Exercise instructions: Among the entries below, only the lines from the one with "Aylesbury Duck Floating" through the one with "41 Shadyhaven Road" are wanted, reproduced exactly. Pictures are not wanted.

Data extract:

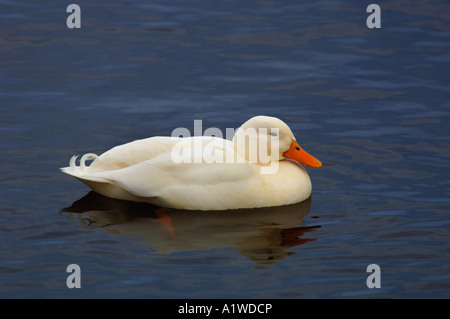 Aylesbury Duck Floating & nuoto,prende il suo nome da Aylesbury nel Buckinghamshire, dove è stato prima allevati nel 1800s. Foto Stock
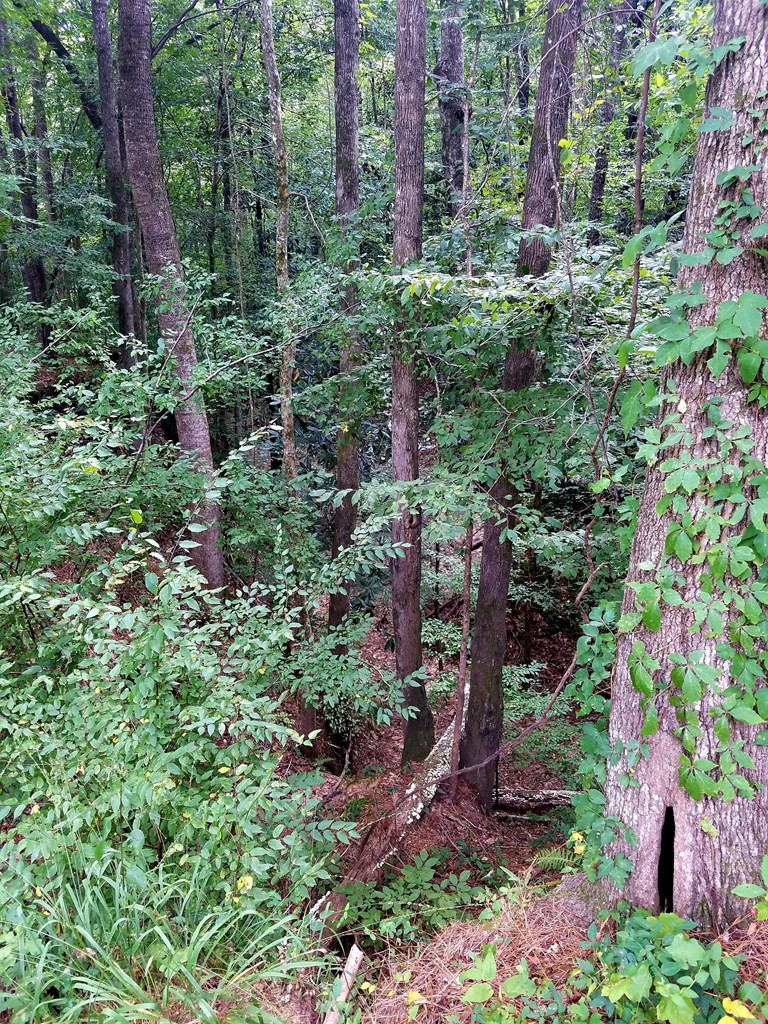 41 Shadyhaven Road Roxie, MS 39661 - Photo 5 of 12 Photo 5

---

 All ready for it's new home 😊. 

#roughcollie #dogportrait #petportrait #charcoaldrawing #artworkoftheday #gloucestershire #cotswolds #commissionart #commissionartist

Answer below:
 Aylesbury Duck Floating & nuoto,prende il suo nome da Aylesbury nel Buckinghamshire, dove è stato prima allevati nel 1800s. Foto Stock
 41 Shadyhaven Road Roxie, MS 39661 - Photo 5 of 12 Photo 5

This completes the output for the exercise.